Postgresql – Postgres/pgloader: setting a delimiter for multiple line text records

postgresqlpostgresql-9.3

I wish to import a 5 gigabyte text file with pgloader.

The individual records are paragraphs of html. The records include carriage returns and white space. So this not an import where it is one record per line.

Reading the pgloader howto I get the impression I can import these records by using setting lines terminated by to a special character to demark the end of a record. The options is described as:

lines terminated by

Takes a single character as argument, which must be found inside single quotes, and might be given as the printable character itself, the special value \t to denote a tabulation character, or 0x then an hexadecimal value read as the ASCII code for the character.

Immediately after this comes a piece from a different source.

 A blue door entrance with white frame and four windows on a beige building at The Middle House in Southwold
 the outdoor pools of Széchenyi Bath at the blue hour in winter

This character is used to recognize end-of-line condition when reading the CSV data.

So, am I right? Can I can import these records by using setting lines terminated by to a special character?

UPDATE: I had to get the project done, so I used some perl commands to modify the data to be one record per line. It's an undesired option because I wanted a multi-line text field.

But I still would like a way to do this. Something that allows a custom record-delimiter would probably be the answer.

Best Answer

I don't believe you can use pgloader in this way if any of your HTML contains character sequences that would be interpreted in the context of CSV. For example, any backslash followed by digits is perfectly valid (and not-special) HTML, but would be transformed to something else by pgloader while importing. I can't even estimate how pgloader will handle the double-quote and single-quote symbols scattered around in your documents.

You would also need a byte that doesn't exist anywhere in your content to serve as a row delimiter; you could use some low-value control byte for this purpose assuming your HTML is valid and doesn't contain any of these special bytes. This naturally depends on your chosen character encoding, and is rendered worse if you have multiple encodings among your documents.

Assuming everything is UTF-8, the NUL byte should not appear in any UTF-8 stream. Assuming you aren't concerned about special CSV character sequences, you could attempt to do this import using NUL as your separator value:

--with "lines terminated by '\0x00'"

I wouldn't recommend this avenue though for fear of subtle corruption of your documents (as noted above).